Subito dopo la gara ho detto che non sarei mai più entrato in uno stadio. Ho deciso invece di raccogliere l'invito del presidente blucerchiato Garrone che mi ha invitato a Genova ad assistere ad un'altra gara. In effetti, sarebbe una sconfitta per il sistema-calcio e per tutta la società non rientrare più in un impianto sportivo: firmerei sulla vittoria di questi teppisti della domenica. Sono loro che non devono assistere alle gare dal vico, non la gente per bene, innamorata dello sport. La mia famiglia non porta rancore verso questi due ragazzi, ma pretende che venga fatta giustizia. Non è possibile che fatti del genere avvengano negli stadi, teorici luoghi di divertimento e di festa.
Si parla spesso di riavvicinare le famiglie negli spalti, ma non è questo l'andazzo giusto: i controlli devono essere più seri ed efficienti. È inutile ricorrere ai biglietti nominali se poi chiunque può entrare negli ultimi minuti con qualunque oggetto. È grottesco che nessuno abbia visto due tipi con degli oggetti così sospetti come un razzo e un tubo con cui spararlo, quando a me hanno tolto i tappi delle bottiglie dell'acqua. Non credo che il decreto anti-violenza si sia trasformato in legge per valere solo per una parte dell'incontro, ma per tutta la durata della partita e per tutto il prima e il dopo.

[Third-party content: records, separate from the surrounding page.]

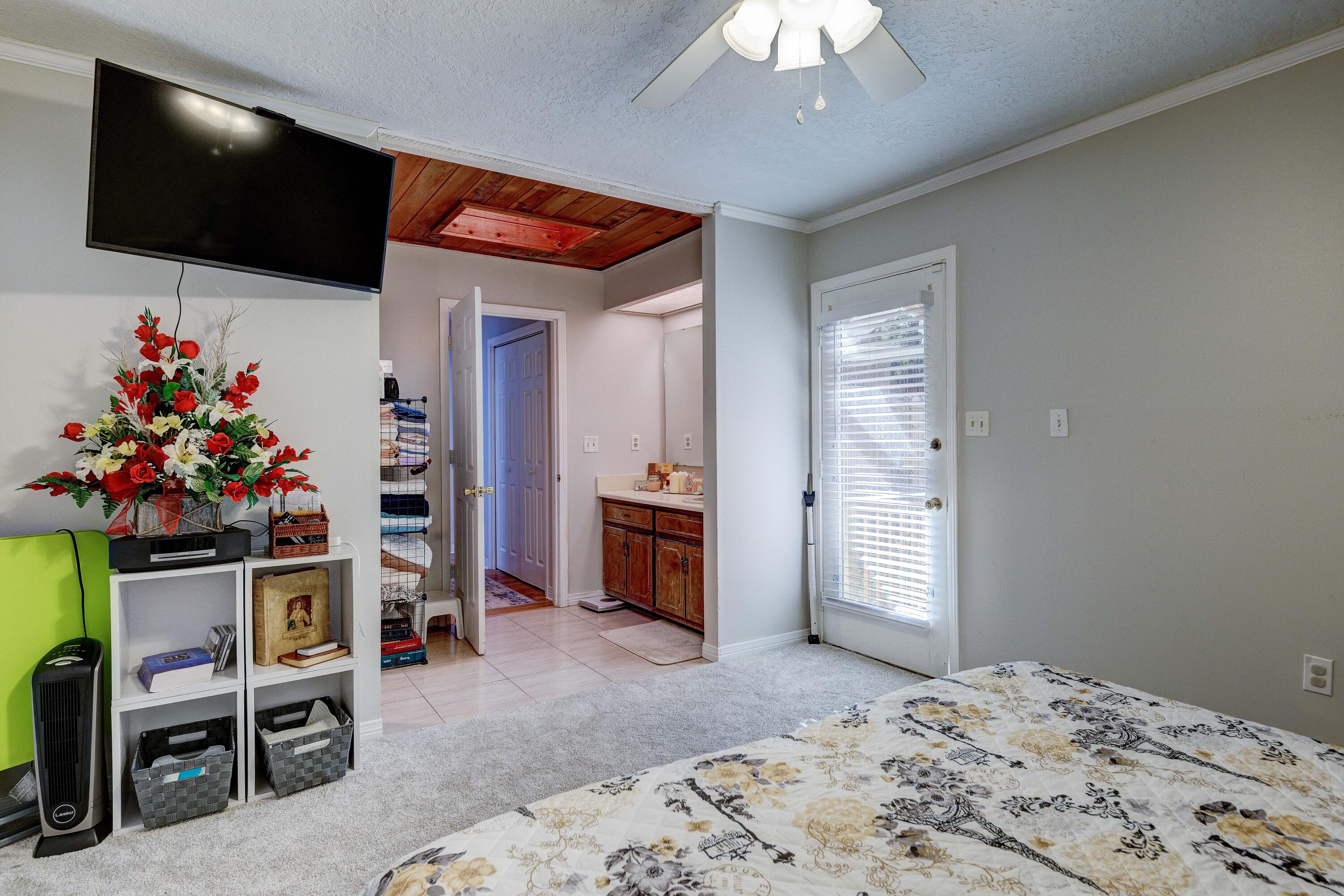 104 Fairoaks Drive Crestview, FL 32539 - Photo 14 of 24 a bedroom with furniture and a flat screen tv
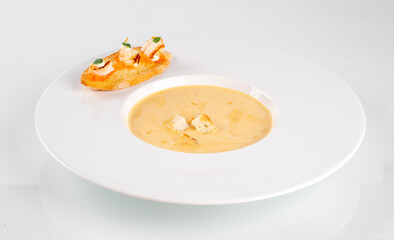 A bowl of creamy soup with croutons served in a white plate, accompanied by a slice of bread topped with cheese and herbs on the side.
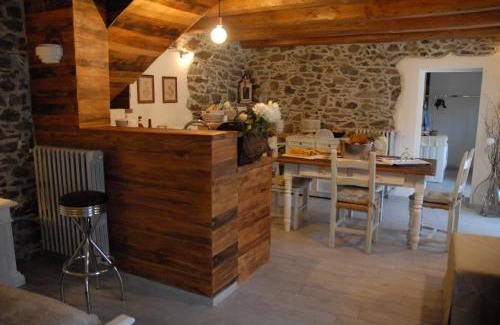Inverso Pinasca Apartment | Cozy Stone and Wood Chalet with Fireplace & Family Amenities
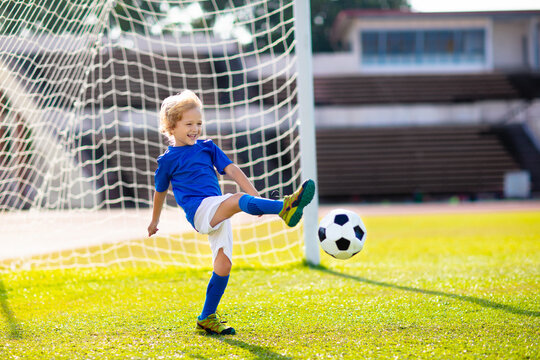 Kids play football. Child at soccer field.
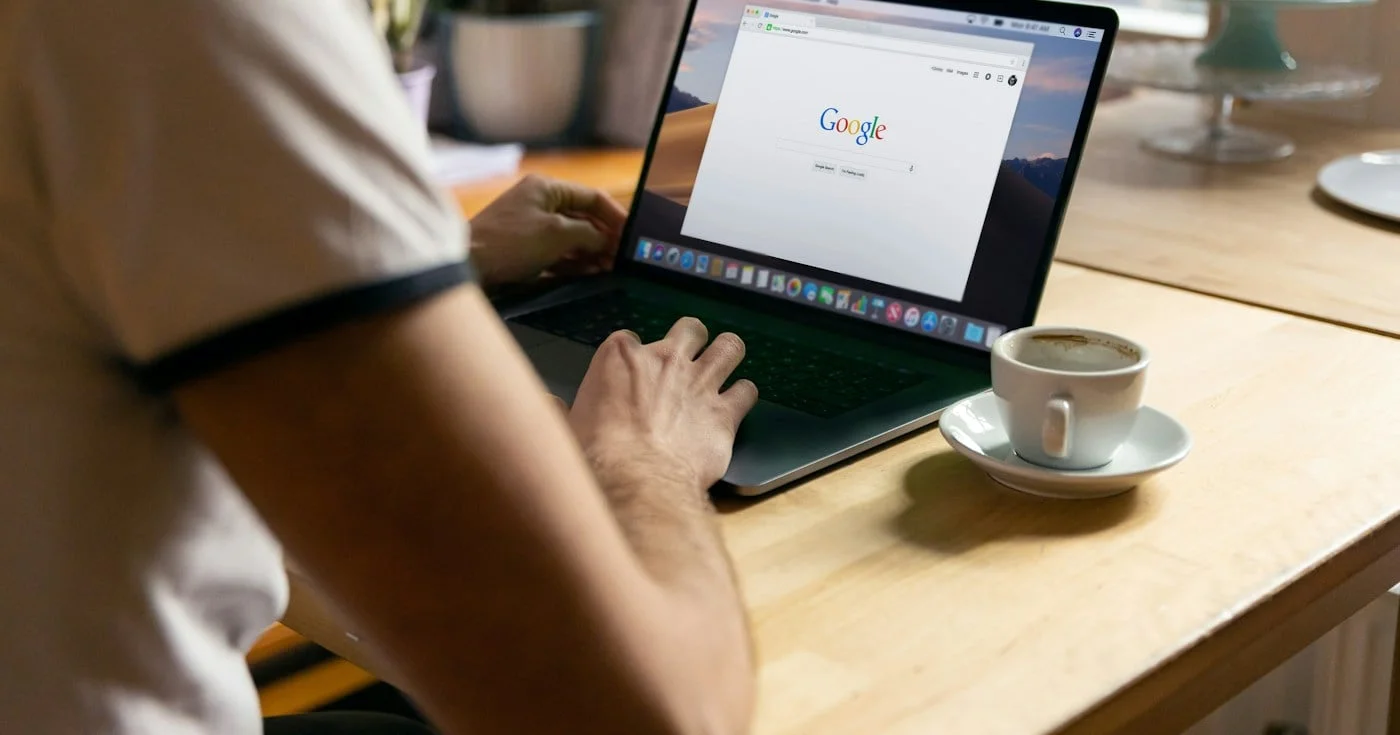Person searching Google on a laptop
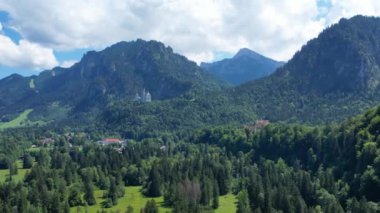 Aerial of famous Neuschwanstein Castle and surroundings in Bavaria Germany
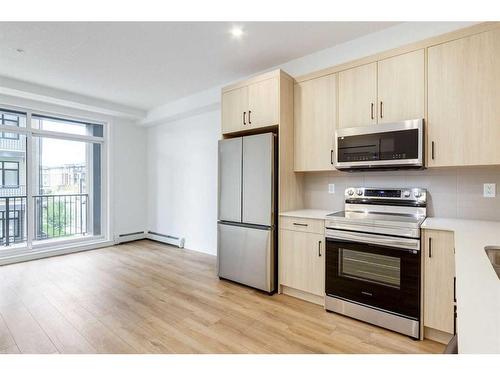 6213-200 Seton Circle Se, Calgary, AB - Indoor Photo Showing Kitchen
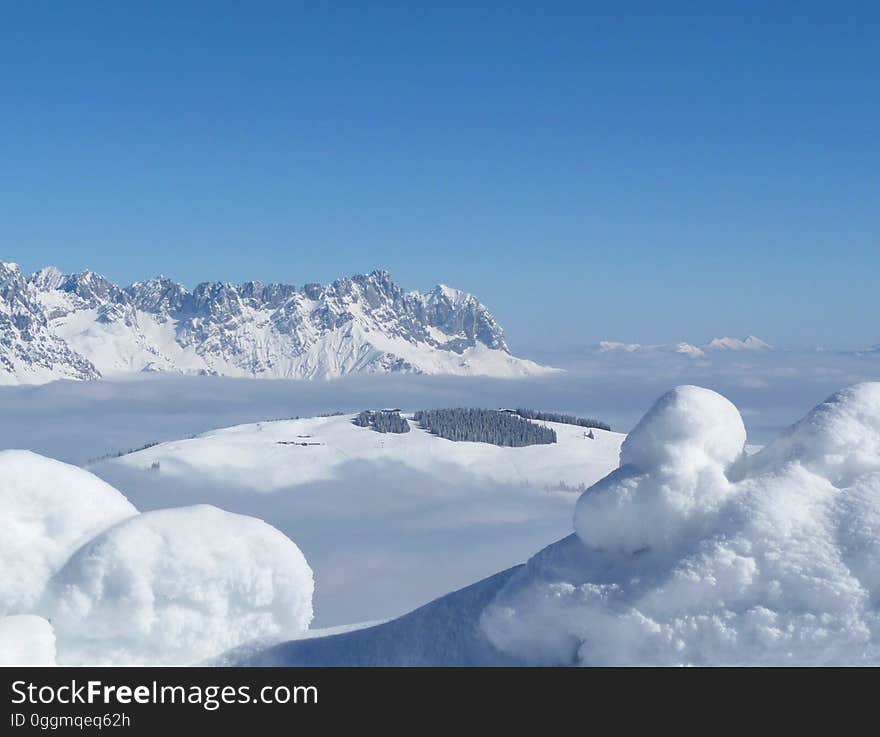 Scenic View of Snow Mountains Against Blue Sky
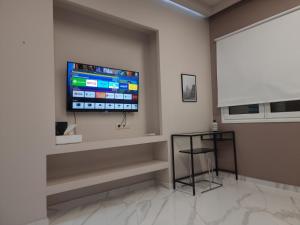 TV a/nebo společenská místnost v ubytování CENTRAL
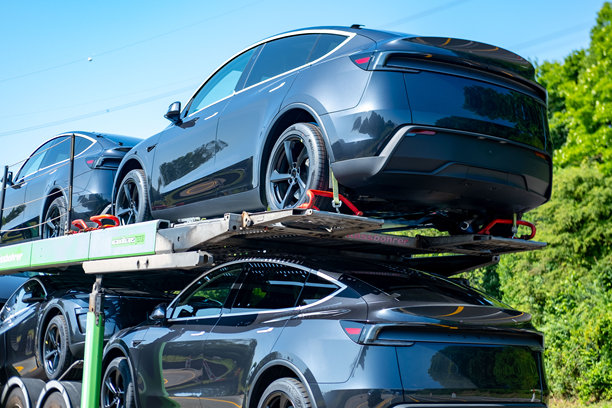 运输拖车上载有全新深灰色特斯拉Model Y电动车，电动车交付，现代汽车工程，将汽车从工厂运送到经销商或客户，德国图片下载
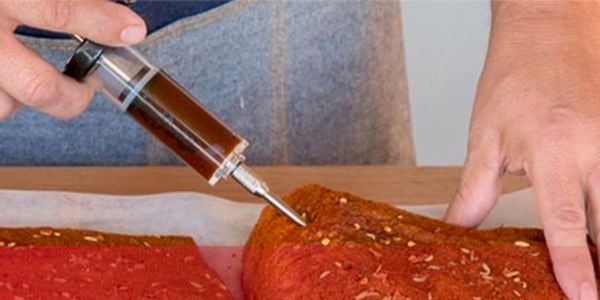 Close-up of man using a Char-Griller marinade injector on a piece of meat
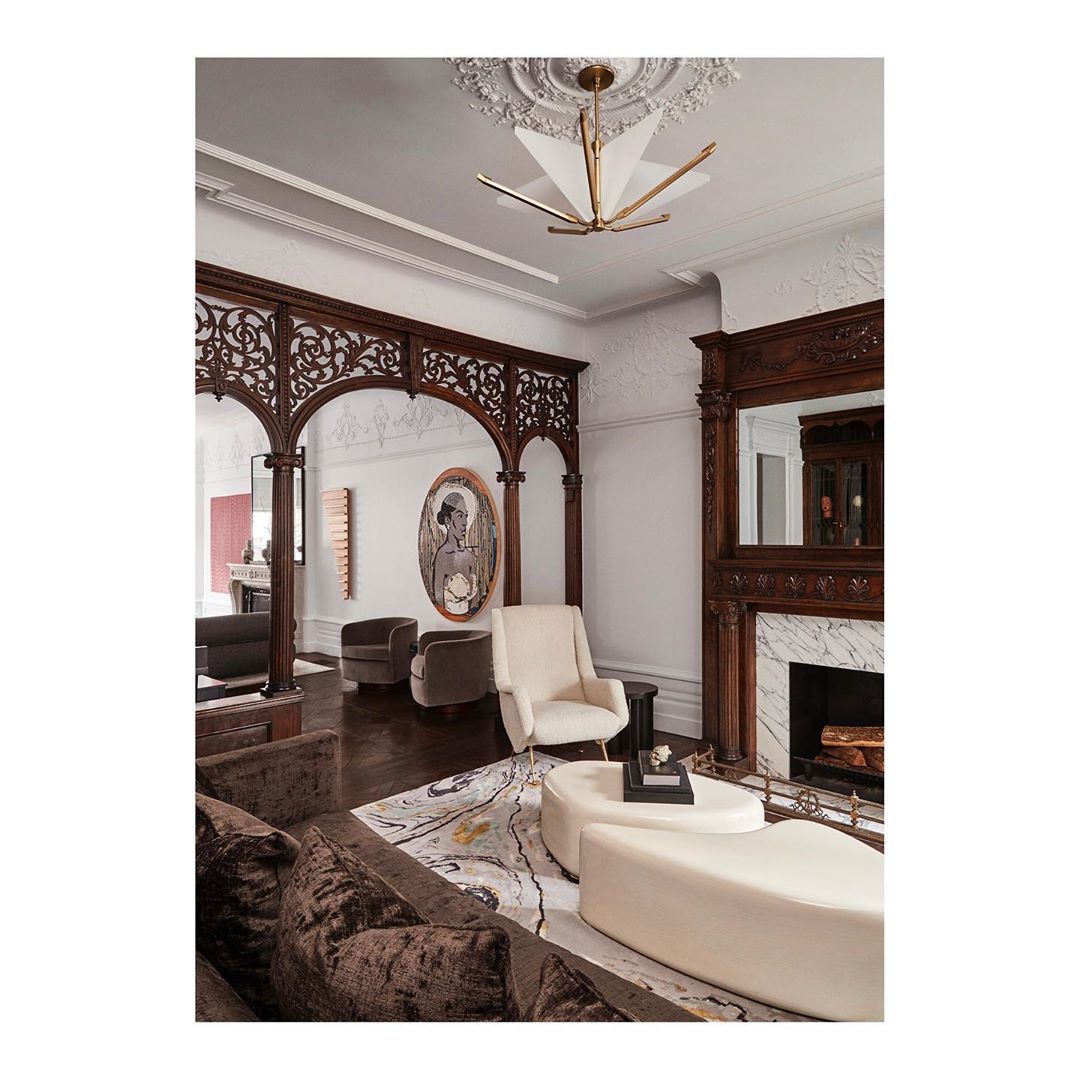 Luxurious living room interior featuring a brown velvet sofa, cream-colored seating, ornate woodwork, decorative fireplace, and modern lighting.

Il messaggio che la mia famiglia sta cercando di dare a più gente possibile è quello di remare dall'altra parte, e di smettere di alimentare un mondo già violento di suo con altra violenza. Vediamo di trarre tutti qualcosa di positivo da questa drammatica vicenda e cerchiamo di bloccare questo movimento di terrore che aleggia negli stadi in tutta la Penisola.
Approfitto dello spazio concessomi per ringraziare chi ci è stato vicino in questi giorni, e per fortuna, non sono affatto poche: ho avuto modo di conoscere delle persone veramente squisite con le quali mi auguro di instaurare un rapporto duraturo nel tempo. Mando anche un saluto particolare a Gabriele Paparelli: ho capito in prima persona quello che ha provato lui quel drammatico pomeriggio a Roma. Lo saluto in modo particolare, conscio di aver rischiato di rivivere ciò che ha vissuto lui. Rivedendo le immagini in tv, ho rivissuto tutta la paura di quegli attimi e la disperazione totale nei volti di tutti i presenti in curva. La mia ragazza era alla sua prima volta in uno stadio, mio padre e mio fratello hanno assistito alla scena in diretta da casa...

Lo shock è stato tremendo per tutti, un vero e proprio incubo, che deve finire e che non dovrà mai più ripetersi.